Can somebody advise me on how to remove the rear light clusters on my Swift Voyager 685FB. There doesn’t seem to be access from inside. There is a grey trip panel around the lights that looks like it might pull off but I’d rather get advice first


----------



## erneboy (Feb 8, 2007)

Hello. A photograph would help. Most of us won't know what lights that model of swift has.


----------



## Pudsey_Bear (Sep 25, 2008)

Looked on Youtube to find the model which didn't help much, always best to post a picture.

I'd have a look at behind the bumper first.

is this the right one?


----------



## Penquin (Oct 15, 2007)

Are there not three cross head screws through the plastic covers ?

That is what our Swift has, carefully undo (they should not fall out 😩 )

Gently remove cover to expose bulbs, if you want to remove the entire cluster there are more cross head screws to remove to take it off, the bulbs can be changed after the first removal which exposes the back of the bulbs, pull it out straight from the cover and then remove as they are ALL bayonet fitting.


----------



## Pudsey_Bear (Sep 25, 2008)

I think if there are screws he'd have seen them Dave.


----------



## Penquin (Oct 15, 2007)

It is in the Swift handbook, remove panel internally (!) to access rear of light cluster, then remove two nuts to allow removal of light cluster.

Sorry, I would post picture, but cannot on this device….

Those are the words from the handbook, not easy to find but…

Page 123 "Changing exterior bulbs"

https://orbit.brightbox.com/v1/acc-...nal/2020-Select-Panel-Van-Owners-Handbook.pdf

The panel removal is described but it sounds more complex than is reasonable IMO…..

Good luck !


----------



## Pudsey_Bear (Sep 25, 2008)

That is for a panel van Dave and is correct but I think his is a coach built but he hasn't come back since so we have to wait, don't even know which year and I have seen 3 different back light set ups.

This one looks straight forward so I assume it's not this one.


----------



## Penquin (Oct 15, 2007)

I suspect things have changed since 2010 though…

Their parallel handbook for the Kontiki etc. is about as useful as a cat flap on a submarine, it tells in detail how to clear up spilled milk etc., but nothing about external bulbs…

https://www.swiftgroup.co.uk/media/11ibuxs5/2021-coachbuilt-motorhomes-handbook.pdf

Useful tip on how to clean fresh water probes - EXACTLY how most people have for many years without such advice……. use a scouring pad on the probes GENTLY.


----------



## Pudsey_Bear (Sep 25, 2008)

Swift manuals are rubbish, they span loads of models.
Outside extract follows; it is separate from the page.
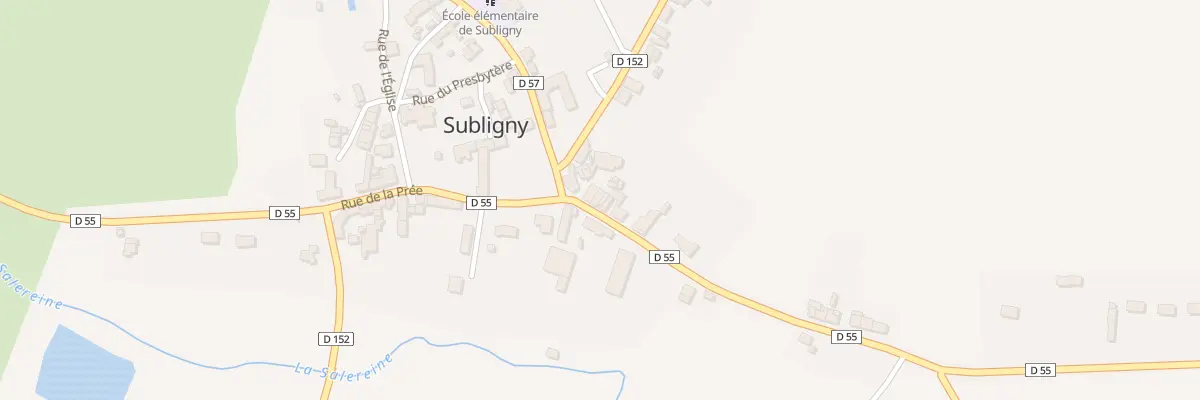 Plan du 5 Rue de la Marniere à Subligny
We still don't know what year van we're trying to help with, the OP needs to help us to help him, until then "I'm out".


----------



## jiwawa (Jun 22, 2007)

Penquin said:


> .... it tells in detail how to clear up spilled milk etc., but nothing about external bulbs…
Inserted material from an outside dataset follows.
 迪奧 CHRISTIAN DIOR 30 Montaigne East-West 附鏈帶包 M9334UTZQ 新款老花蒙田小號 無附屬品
Ah, thanks Dave, that gave me a good laugh this morning!


----------



## Penquin (Oct 15, 2007)

Pudsey_Bear said:


> Swift manuals are rubbish, they span loads of models.
> 
> We still don't know what year van we're trying to help with, the OP needs to help us to help him, until then "I'm out".


It does say my NEW van so it might be new to him or new totally, but as they don't seem to have been made for 10 years I suspect it's the former………


----------



## Speary8 (Aug 19, 2021)

Sorry I forgot the year and photograph. The advice I received was a great help. In the end they are held on by 3 plastic push lugs and some Velcro
Thanks again everybody


----------